Search code examples
dataframeazurescalaapache-sparkapache-spark-sql

How to split the original dataframe and merge it back together


I have a dataframe(let's say originalDf) with 230 columns and 10 rows. I need to split it based on number of columns (say = 150) i.e df1 with 150 columns and df2 with 80 columns. When i merged it back, the columns are merged correctly but i see number of rows as 20. I am using scala and spark (3.2.0). Please suggest the solution.

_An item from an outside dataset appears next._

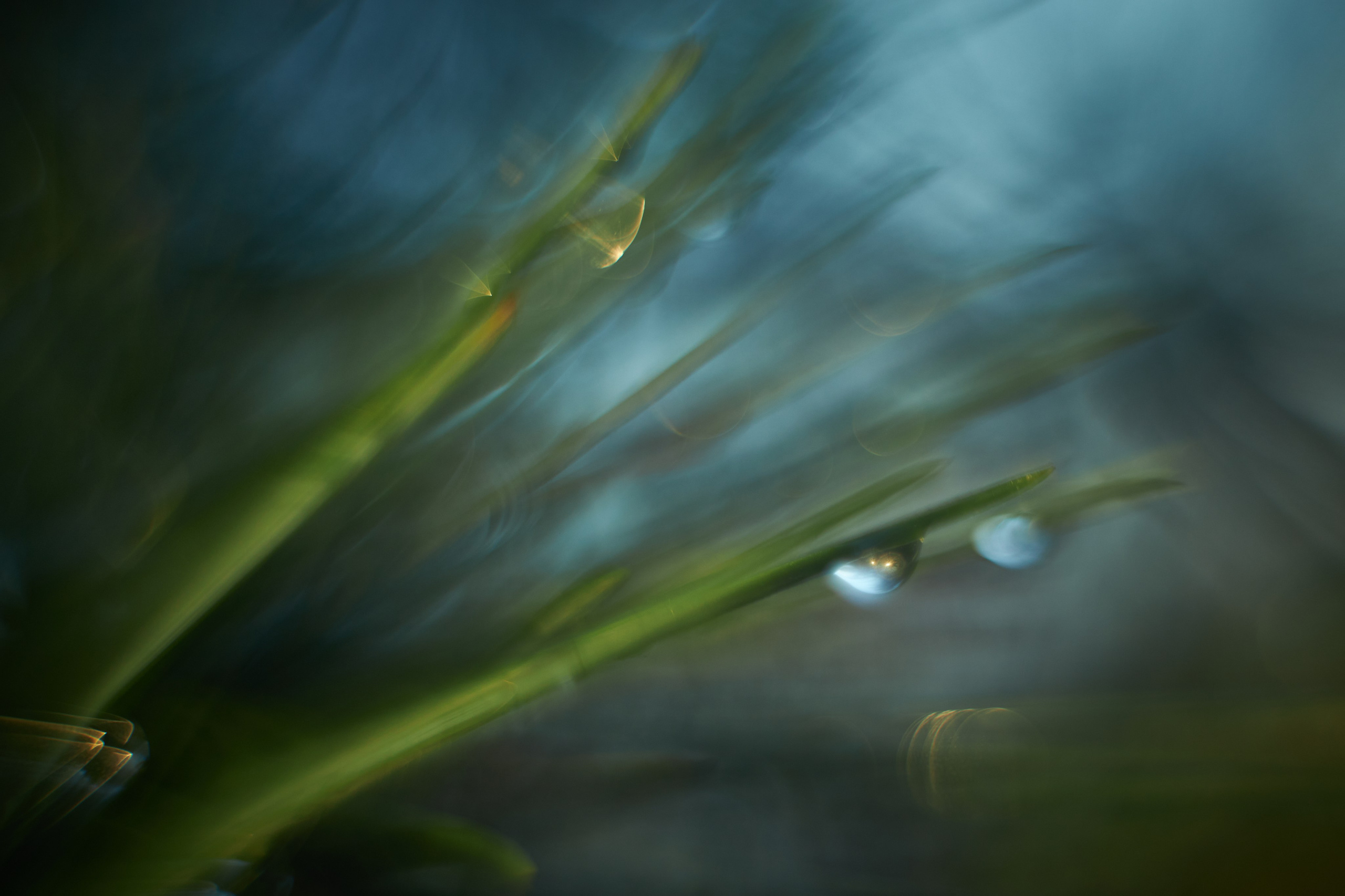 Арт-фотограф во Владивостоке Дмитрий Осипчук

// Specify the number of columns in each split
    val columnsPerSplit = 100

    // Get the total number of columns in the original DataFrame
    val totalColumns = originalDF.columns.length

    // Calculate the number of splits required
    val numSplits = (totalColumns.toDouble / columnsPerSplit).ceil.toInt

    // Split the original DataFrame into multiple DataFrames based on the specified number of columns
    val splitDataFrames = (0 until numSplits).map { splitIndex =>
      val startColIndex = splitIndex * columnsPerSplit
      val endColIndex = Math.min((splitIndex + 1) * columnsPerSplit, totalColumns)

      // Select columns for the current split
      val selectedColumns = originalDF.columns.slice(startColIndex, endColIndex).map(col)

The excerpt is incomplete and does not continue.